## Action item
Write out word for word the lines from the one holding "A modern kitchen" through the end of the data, and only those lines. Pictures stay out.

Source data:
*-*-*

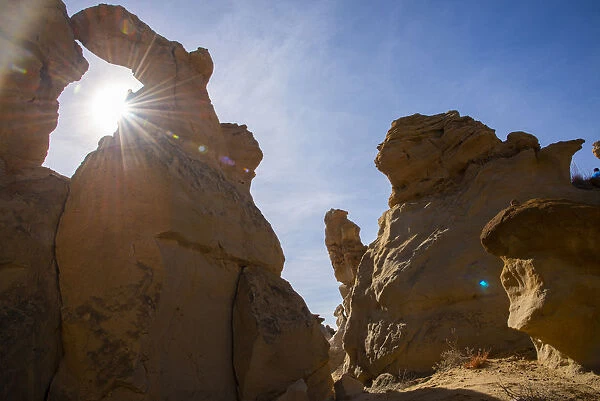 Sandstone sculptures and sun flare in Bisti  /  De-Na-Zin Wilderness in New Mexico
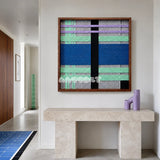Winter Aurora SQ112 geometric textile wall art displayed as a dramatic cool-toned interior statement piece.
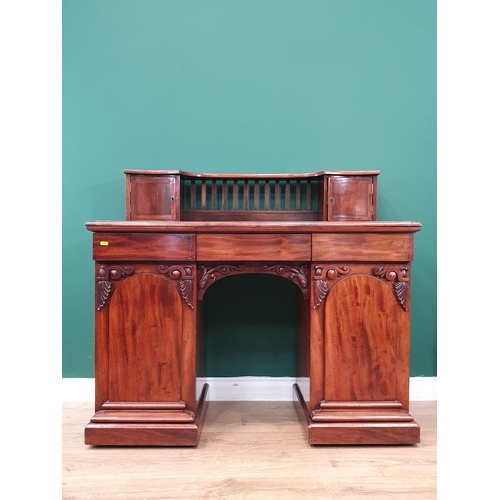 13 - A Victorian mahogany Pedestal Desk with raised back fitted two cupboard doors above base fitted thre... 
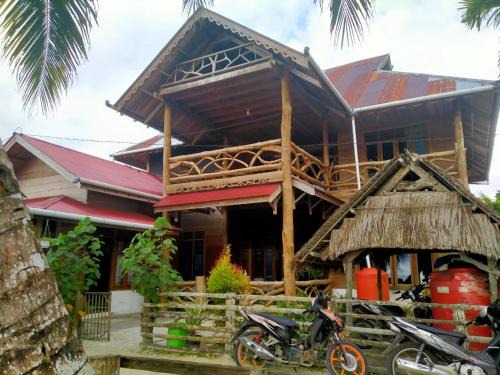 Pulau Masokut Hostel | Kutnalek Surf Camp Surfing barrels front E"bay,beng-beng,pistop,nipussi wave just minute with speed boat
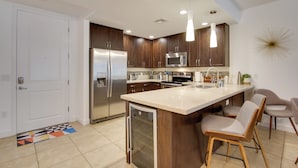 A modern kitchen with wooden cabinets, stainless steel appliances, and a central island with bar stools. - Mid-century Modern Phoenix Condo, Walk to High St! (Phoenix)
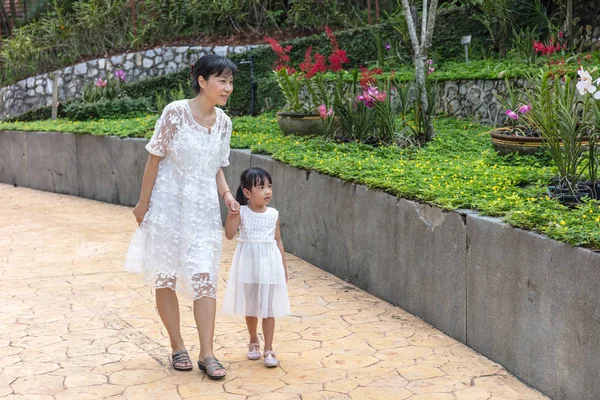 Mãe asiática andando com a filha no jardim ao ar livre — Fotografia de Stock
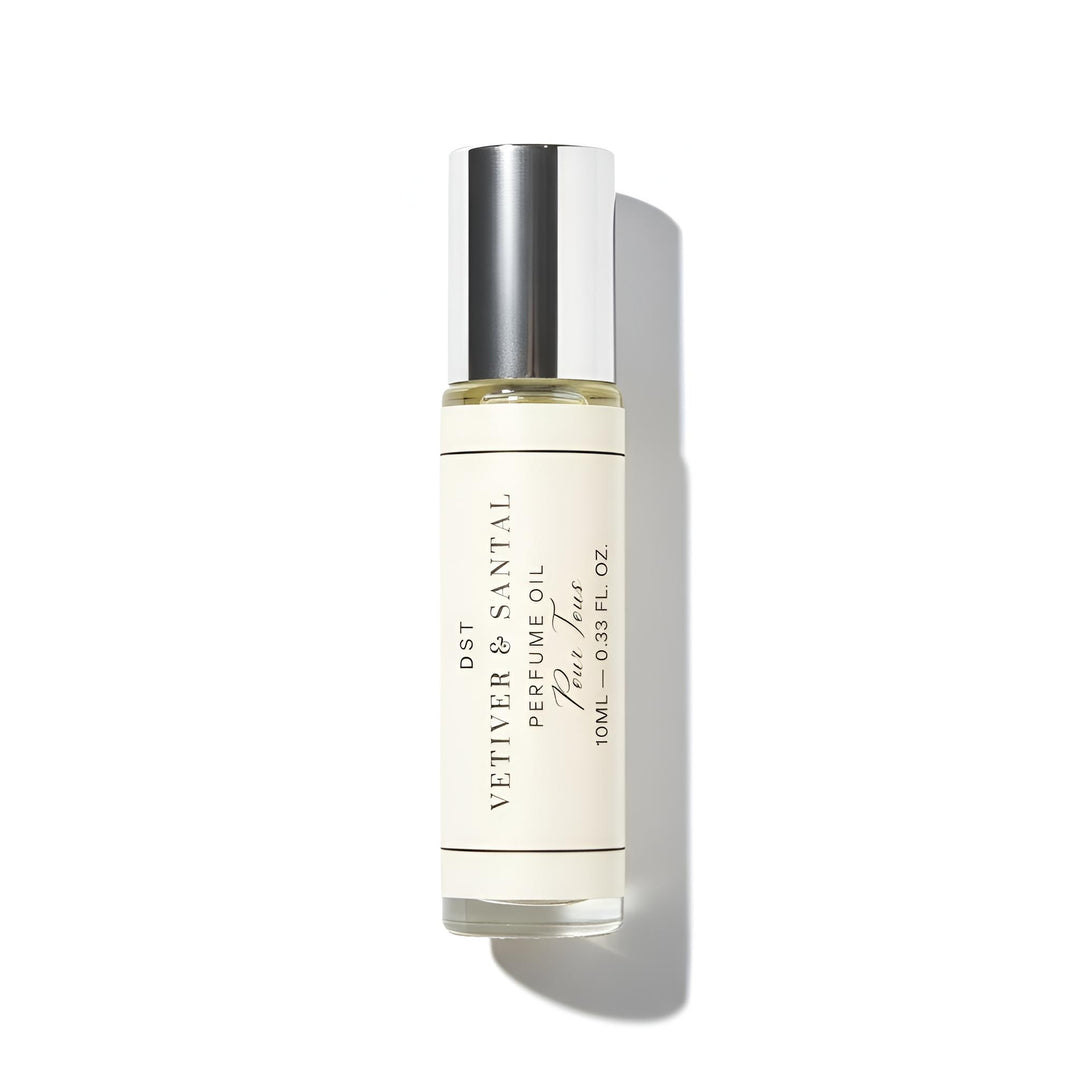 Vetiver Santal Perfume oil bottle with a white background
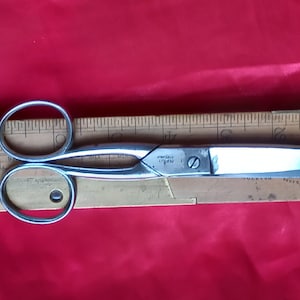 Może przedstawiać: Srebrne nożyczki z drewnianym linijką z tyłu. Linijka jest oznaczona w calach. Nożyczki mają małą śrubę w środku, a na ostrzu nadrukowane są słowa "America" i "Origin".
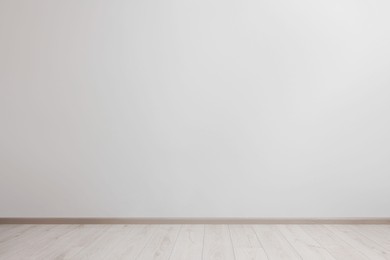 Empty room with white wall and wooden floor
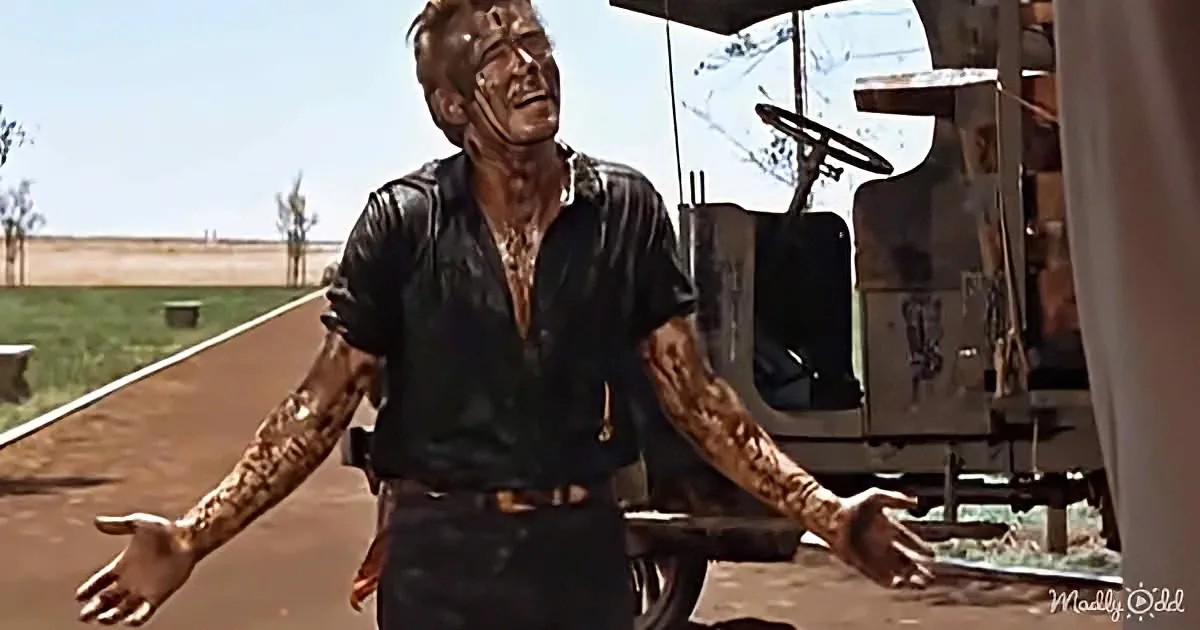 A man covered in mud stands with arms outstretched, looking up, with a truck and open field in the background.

*-*-*

## Completed exercise
 A modern kitchen with wooden cabinets, stainless steel appliances, and a central island with bar stools. - Mid-century Modern Phoenix Condo, Walk to High St! (Phoenix)
 Mãe asiática andando com a filha no jardim ao ar livre — Fotografia de Stock
 Vetiver Santal Perfume oil bottle with a white background
 Może przedstawiać: Srebrne nożyczki z drewnianym linijką z tyłu. Linijka jest oznaczona w calach. Nożyczki mają małą śrubę w środku, a na ostrzu nadrukowane są słowa "America" i "Origin".
 Empty room with white wall and wooden floor
 A man covered in mud stands with arms outstretched, looking up, with a truck and open field in the background.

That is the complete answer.